Concerns Over Unusual Market Behavior

The foreign exchange market has recently been stirred by a series of new developments. Last weekend, the State Bank of Vietnam (SBV) issued a document to the Ministry of Public Security, Ministry of Industry and Trade, and the Government Inspectorate regarding coordinated management of foreign exchange market activities.

Subsequent actions include inspections, monitoring, and oversight of foreign exchange activities by organizations and individuals, particularly focusing on illegal currency trading and operations in the unofficial foreign exchange market.

This move comes as policymakers observe that “the exchange rate between the Vietnamese dong and the US dollar in the unofficial market shows signs of volatility and a widening gap compared to rates within the banking system.”

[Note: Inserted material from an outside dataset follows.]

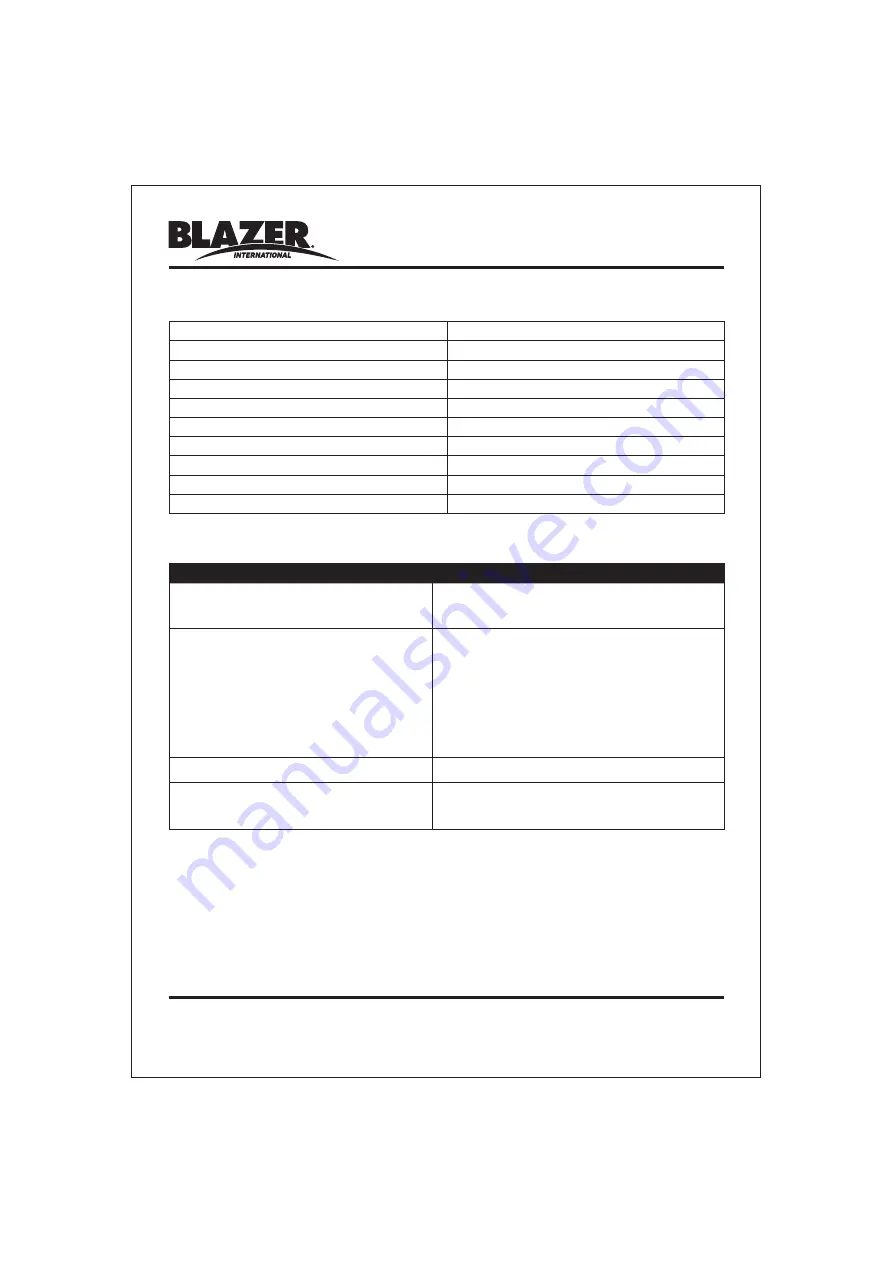 blazer C3050K Owner'S Manual Download Page 11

In Ho Chi Minh City, the nation’s largest remittance recipient, efforts to control the market continue. Recently, the SBV’s Zone 2 branch issued a directive requiring economic entities engaged in foreign exchange activities in HCMC and Dong Nai Province to strictly adhere to legal regulations on foreign exchange management, anti-money laundering, terrorism financing, and related laws. Any suspected violations must be reported immediately. These measures aim to “significantly stabilize foreign exchange rates and the market.”

Recent data reveals a substantial widening of the gap between official and free market exchange rates. While the official rate at Vietcombank stands at 26,349 VND/USD, down 0.3% since early October, the disparity is notable.

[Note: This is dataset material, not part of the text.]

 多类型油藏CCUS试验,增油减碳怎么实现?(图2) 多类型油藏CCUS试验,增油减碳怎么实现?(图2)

According to Maybank Securities Vietnam (MSVN), the free market rate has climbed 7.5% year-to-date as of October 24, compared to a 3.5% increase in the official rate. This gap has particularly widened in October, with the free market rate rising 4.2% since the month’s start, while the official rate dipped 0.4%.

Yuanta Securities Vietnam’s currency report highlights contrasting domestic exchange rate trends. While the central rate hovers around 25,098 and commercial banks’ selling rate at 26,352 (slightly down from the previous week), the free market rate reached 27,650 VND/USD, a 1.52% weekly increase.

Trends in gold prices and exchange rate disparities between official and free markets in Vietnam. Source: MSVN

Expectations for Easing Pressure

Yuanta Securities Vietnam analysts attribute the persistent high disparity between bank and free market rates to heightened year-end dollar demand and limited cash dollar supply in the free market.

MSVN analysts link the dual-market rate gap to recent gold price surges and the growing differential between domestic and international gold prices. As gold price gaps widen, free market dollar demand rises for gold imports and speculation, further expanding the exchange rate disparity. “These pressures are non-fundamental, reflecting gold market distortions rather than weaknesses in Vietnam’s international balance of payments,” MSVN notes.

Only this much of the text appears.